Any Takers on my question. I appreciate its personal and its private - but I'd really like to understand.
Posted Thu Sep 11, 2014 07:29 PM
Let's put it this way. Explain how you know that you prefer men rather than woman. (rhetorical question, but I think you get my point.)
In many cases BDSM is even a fetish that people are born with. (not that orientation is a fetish, just a side note)
Posted Thu Sep 11, 2014 09:07 PM
Posted Fri Sep 12, 2014 03:43 AM
Well basically, gay/straight is an orientation thing, where as trans/crossdressing is an identity thing.
I didnt really understand orientation until I was in my teens, since Im pansexual, Im attracted to everyone and always have been. I didnt become sexually attracted to people until puberty. So that was a bit confusing learning that everyone wasnt that way haha. Cant really choose who you like right? Cant even really explain it. You just like someone. I personally never cared about what bits they were working with so long as they were a good person.
Similar to orientation, identity isnt chosen either. Someone who is assigned male at birth and feels like a female, or vice-verse, usually knows from as early on as they can remember. My first memories are wearing my mommys clothes and being confused why dad wouldnt let me use the girls restrooms. However, you can choose how you present your identity which is where you get crossdressing, hormone replacement therapy and body modification such as plastic surgery, tattoos, piercing and scarification.
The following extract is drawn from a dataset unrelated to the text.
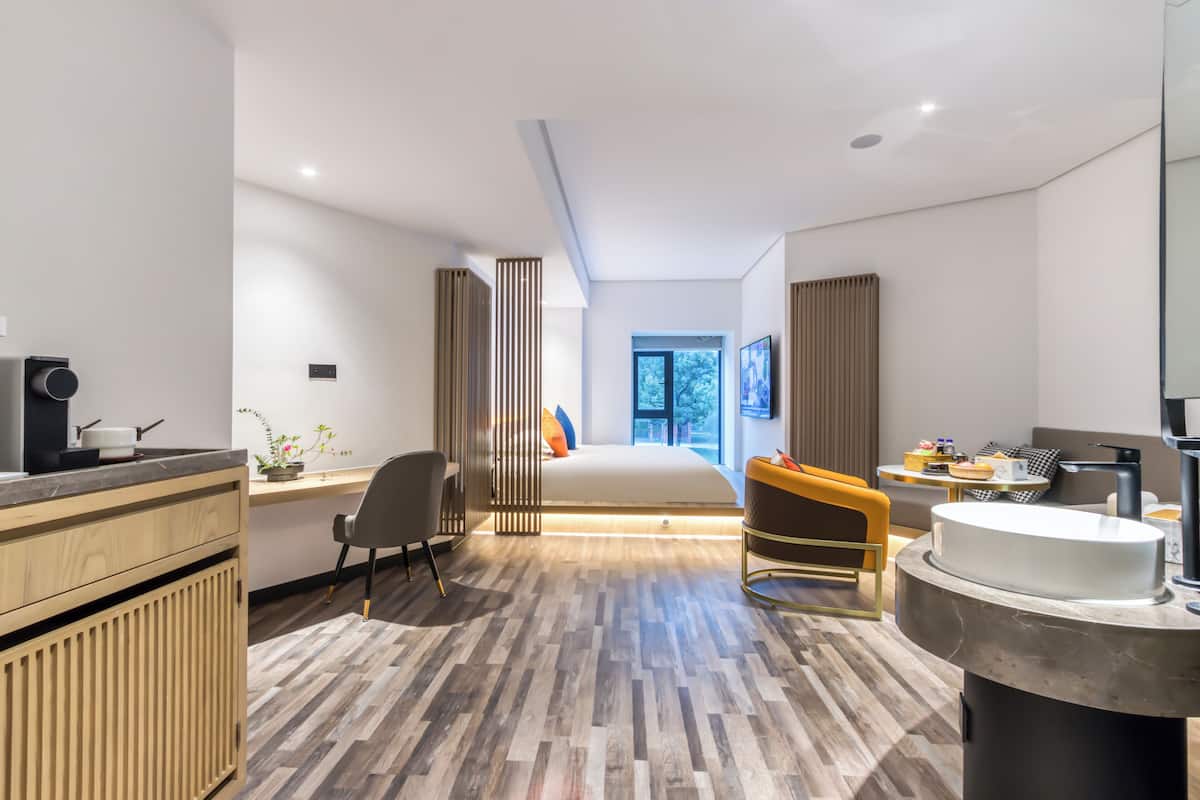 Deluxe Double Room, Park View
Identity is a funny one. We all have this mental self image of ourselves. Most of us look in the mirror and it matches what we see in our mind. Some of us dont...eating disorders work the same way, for example. For us trans people and otherkin, (thats a whole fun different subject Im not gonna get into in this response) what we see in the mirror doesnt match up with what we perceive in our minds so it creates a very powerful disconnect between the two. This is known as body dysphoria and it suuuucks. Every time I looked at my chest it was like, "well thats not right..." all the other girls had boobs! WHY NOT MEEEEEE?!?! Or better yet, looking down at my dangly bits and being like "WHYYYYY?!?!"
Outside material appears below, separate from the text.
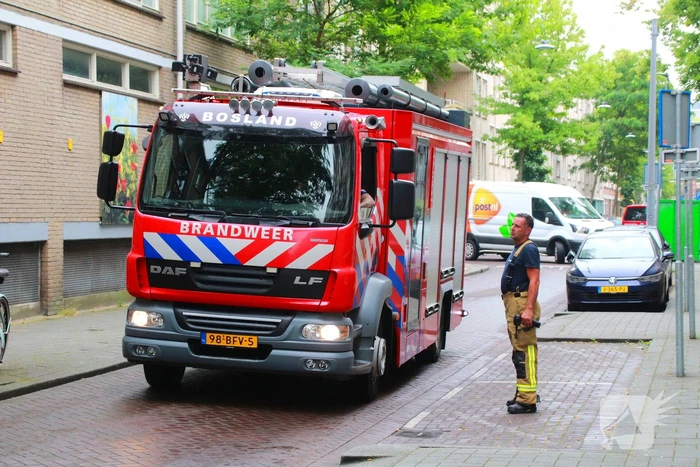 Gaslekkage in parkeergarage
hahaha I joke about it now but honestly that shit sucked...and it almost did me in a few times...
Kinda feels like being stuck in a Halloween costume you cant EVER take off.
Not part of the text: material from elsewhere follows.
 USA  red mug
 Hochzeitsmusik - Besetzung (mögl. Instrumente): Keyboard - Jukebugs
Its such a powerful feeling that it creates mental health issues like anxiety and depression. Coupled with the social stigma of boys never ever allowed to be feminine, this is a huge factor in why suicide rates for trans people is so high. For people like me, with multiple identity disorder and schizophrenia and a whole plethora of other mental health issues, it just made it worse. Professionals (and my own fucking parents) passed me off as crazy and kept me from getting the help I needed, which was hormone therapy. They refused to believe I was capable of making my own decisions or even knowing who/what the fuck I am...
I may have one foot outside of reality at all times, but I know who I am.
Crossdressing is wayyyyyy less chaotic than trans issues...but it has wayyyy more reasons of why people do it. Its kinda an identity thing, but mostly a comfort thing from what I understand. Some guys just like the feel of girls clothes. Our clothes are soft and tight. Thats comforting to people for various reasons. Just the same as some girls like guy clothes for the opposite reasons - less constricting. Others like crossdressing because it turns them on. Seeing a hot guy in some cute little girls panties is pretty damn hot, I must admit. So is a beautiful woman stripping off her makeup, binding her chest and dressing up in some hot guy clothes. Theres a million and a half reasons why some like to crossdress really.
And then theres your femboys. My favorite! Theyre a bit different from your run of the mill crossdresser. Usually genderfluid boys that are really into feminine stuff and usually present androgynous but still identify as male. Usually. Like everything, theres varying ends of the spectrum. I only know a small handful of genderfluid people and femboys like my Mistress and my current boyfriend. Mistress Lily is genderfluid and my bf is an androgynous trans boy (FtM).
hahahaha Im the only one in the relationship with a dick ...the three of us are a very strange polyamorous relationship thats for sure...we definitely turn a lot of heads...
I hope that helped a bit...lol kind of an explosion of information...
Posted Fri Sep 12, 2014 04:27 AM
I believe I need to read it many more times - there's so much content - underneath the content.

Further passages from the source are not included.